Erros honestos = Políticos felizes

Este artigo é escrito ao abrigo do novo acordo ortográfico.

Dizer que o formato eleitoral norte-americano é confuso é ser-se eufemístico. É uma nauseante mixórdia de votações públicas e/ou privadas capaz de dar uma valente dor de cabeça ao mais arguto dos comentadores políticos. Longe de mim culpar os media portugueses pela falta de conhecimento sobre o assunto – os profissionais desta minha área têm preocupações de maior, como a vaca que matou a tia da dona à paulada em Valongo dos Azeites, ou a demonstração irrefutável de como o Sócrates é o Anticristo. Não deixa de me causar alguma comichão quando leio notícias como a que foi escrita pela jornalista Helena Tecedeiro para o Diário de Notícias. E cito um excerto: “(…) também nas primárias, o segredo para obter a nomeação é amealhar o maior número de delegados. E aí, a vantagem de Hillary Clinton sobre Bernie Sanders é inegável do lado democrata: a ex-primeira-dama tem 1221 contra os 571 do senador. Para obter a nomeação, são necessários 2383.”

O problema com esta frase é que está objetivamente errada. Sim, a vantagem da Clinton é inegável, mas o número de delegados apontado é falacioso. Por ignorância ou omissão. Os números corretos, neste dia 13 de março, aquando da minha feitura deste artigo, são os seguintes: 774 delegados comprometidos da Hillary contra 553 do Bernie Sanders. Olhando assim, trata-se de uma distância bem mais razoável, não concordam?

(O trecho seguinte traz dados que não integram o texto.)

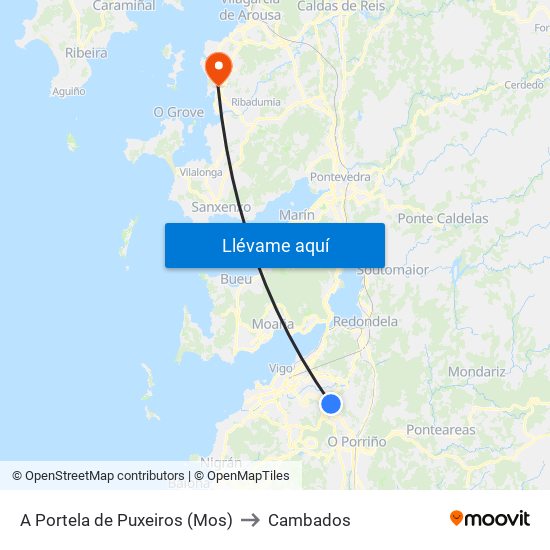 A Portela de Puxeiros (Mos) to Cambados map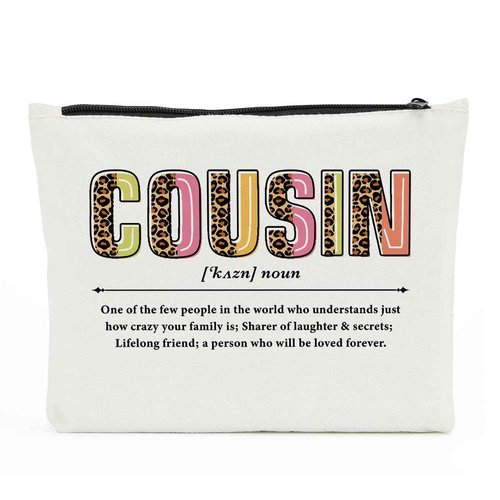 Cousin Makeup Bag - Cosmetic Bag for Women, Best Friend, Sister Gifts - Long Distance Relationship, Birthday, Wedding, Graduation Gift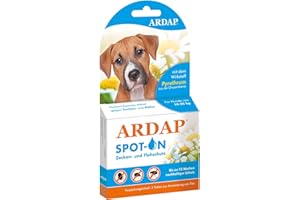 ARDAP Spot On für Hunde von 10 bis 25kg - Natürlicher Wirkstoff - Zeckenmittel für Hunde, Zeckenschutz Hund, Flohmittel Hund - 3 Tuben je 2,5ml - Bis zu 12 Wochen nachhaltiger Langzeitschutz (PT19)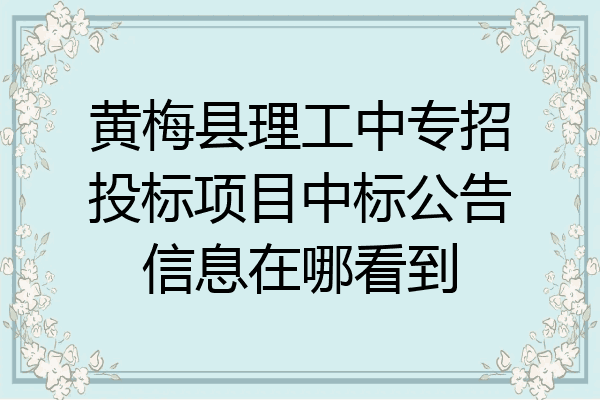 黄梅县理工中专招投标项目中标公告信息在哪看到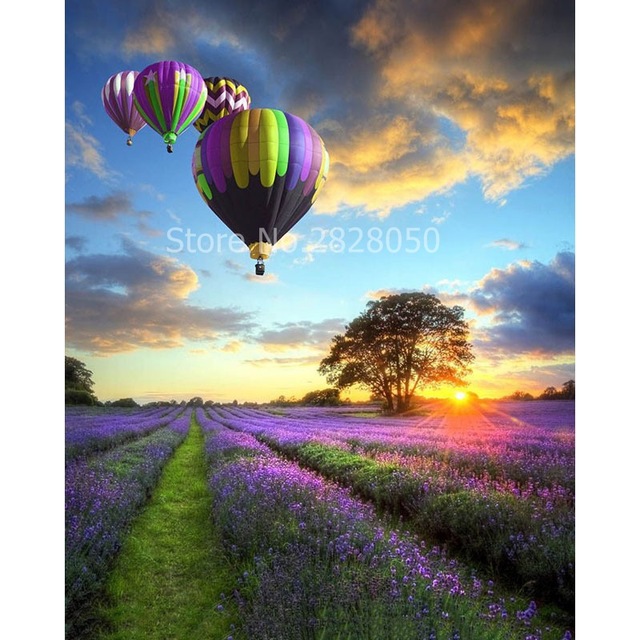 640x640 Lavender Hot Air Balloon Diy Painting By Numbers Handpainted - Hot Air Balloon Painting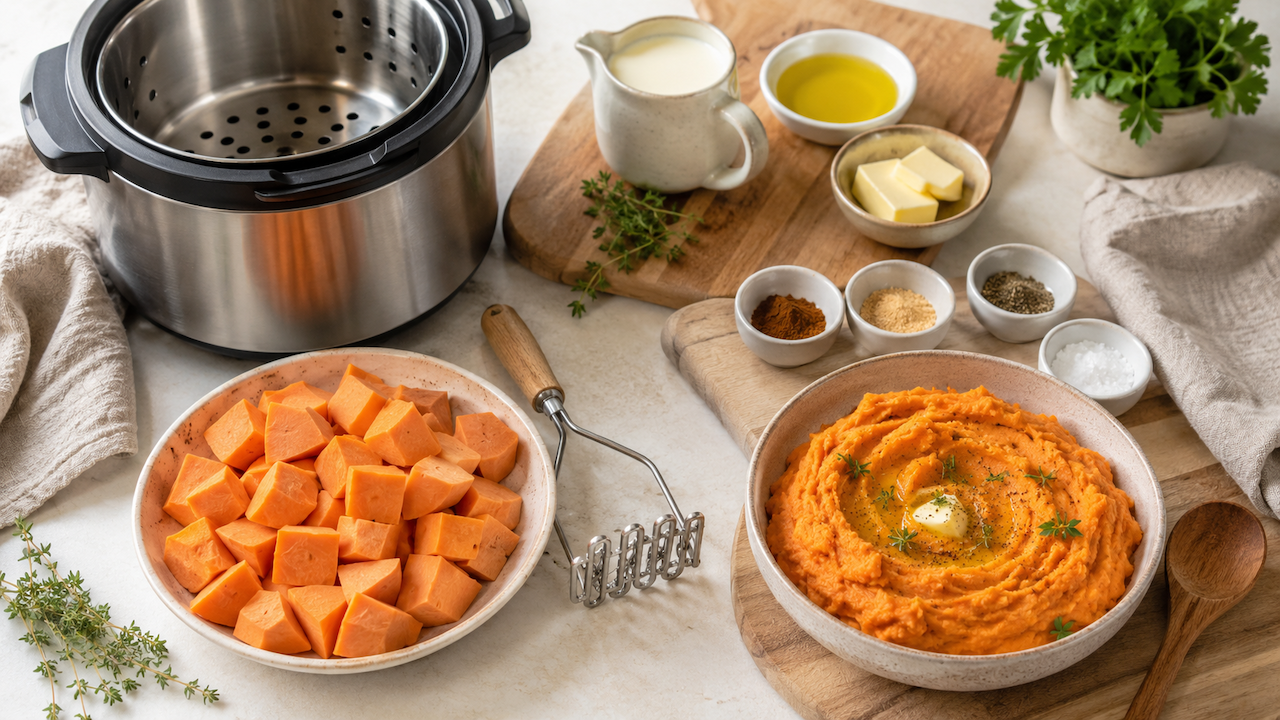 preparation-puree-patate-douce-cookeo preparation recette patate douce cookeo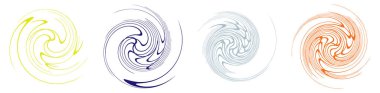 Sarmal, girdap, dönme, volta elementi. Girdap, kasırga etkisi. Dairesel, dairesel dönüş çizgileri - stok vektör illüstrasyonu, klip- sanat grafikleri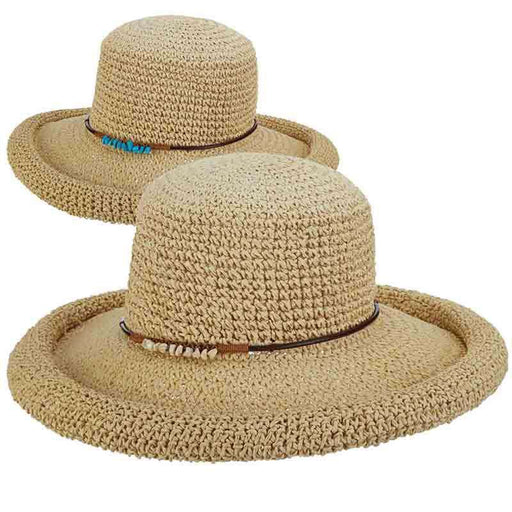 Rolled Brim Toyo Straw Hat with Stone Accented Tie - Scala Pronto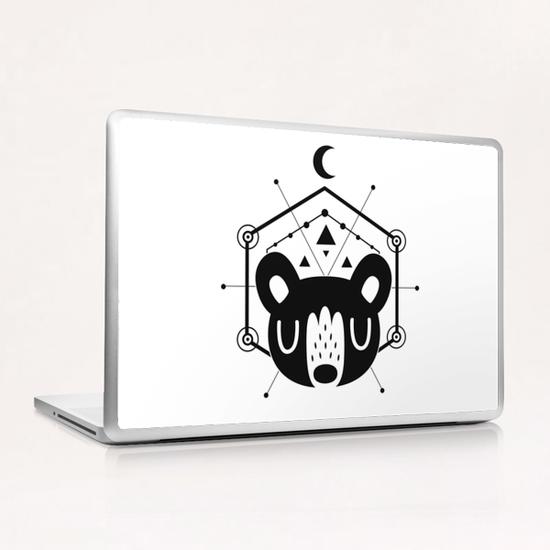 Mystic Black Moon Bear Laptop & iPad Skin by Claire Jayne Stamper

É importante, para percebermos o erro da Helena Tecedeiro, entendermos a diferença entre delegados comprometidos e superdelegados. As primárias no Partido Democrata dividem-se em última instância na soma entre dois grandes blocos. Os delegados comprometidos são eleitos por um sufrágio popular, tal como acontece nas eleições portuguesas, que acontece em todos os 50 estados (acrescentando alguns territórios extracontinentais). O número de delegados “disponível” para ser ganho em cada estado depende maioritariamente do número de habitantes do estado em questão. Por isso é que estados do interior americano, como o Wyoming ou a Dakota do Sul, não resultam na eleição de um grande número de delegados, apesar da sua dimensão geográfica.

Temos portanto os delegados comprometidos, fruto do voto do povo em cada estado, distribuídos proporcionalmente consoante o resultado eleitoral. Há, no entanto, um já referido segundo bloco das primárias do Partido Democrata: os superdelegados. Estes são históricos ou figuras proeminentes do partido (pensem analogamente em indivíduos como Mário Soares, ou Manuel Alegre) livres de apoiar qualquer candidato. Apenas na convenção final das primárias, apoiarão irrevogavelmente um candidato da sua escolha, estando libertos nos entretantos para fazerem um flip-flop mental ou mediático. Ou seja, estes são tudo menos comprometidos. Neste artigo do DN há uma soma sem distinção entre os delegados já conseguidos, e cujo voto final é obrigado pelo povo, e os superdelegados, que são uma espécie de gelatina política.

Mas perguntam vocês e bem: “Quem obriga estes dinossauros partidários a alterar o seu apoio pré-declarado?” Parafraseando um artigo da Vox, nunca na história da América os superdelegados permutaram o candidato escolhido pelo povo. Se um dos candidatos, seja qual seja, tiver um maior número de delegados comprometidos, existirá enormíssima pressão social e política bem justificada para não ser subvertida a vontade popular.

Somando todos estes fatores chego à seguinte conclusão: a equiparação dos delegados comprometidos aos superdelegados serve a exclusiva função de propaganda mediática, tentando afirmar uma vertiginosa distância entre Bernie Sanders e Hillary Clinton. Tudo em nome da inércia sufragística, é claro.

Não acredito que a jornalista do DN tenha tido más intenções. Poderia listar dezenas de outros exemplos portugueses ou mesmo internacionais. Já no que toca a estes últimos, as más intenções passam para o reino do plausível, ou, quiçá, do provável.